X-Message-Number: 27018
Date: Mon, 12 Sep 2005 15:05:50 -0700 (PDT)
From: Jeff Davis <>
Subject: Re: well intentioned initiatives

In Message #27006 from David Stodolsky
<>
Subject: Re: well intentioned initiatives
Date: Sun, 11 Sep 2005 22:59:58 +0200

David Stodolsky writes:

> Since forty million American are deprived of regular
medical care due to having no health insurance, this
argument doesn't have much chance of going anywhere.

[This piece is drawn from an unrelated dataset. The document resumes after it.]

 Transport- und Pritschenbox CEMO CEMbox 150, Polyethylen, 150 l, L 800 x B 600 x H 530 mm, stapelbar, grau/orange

I've heard this many times and always have to scratch
my head.  Go to the emergency room of the county
hospital, or any hospitial for that matter, and they
will treat you -- they HAVE to -- money or no,
insurance or no.  Yet oddly, this is never mentioned
in the media when the availability of medical care is
discussed.  Not having health insurance and not having
access to medical care --particularly emergency
medical care -- are two different things.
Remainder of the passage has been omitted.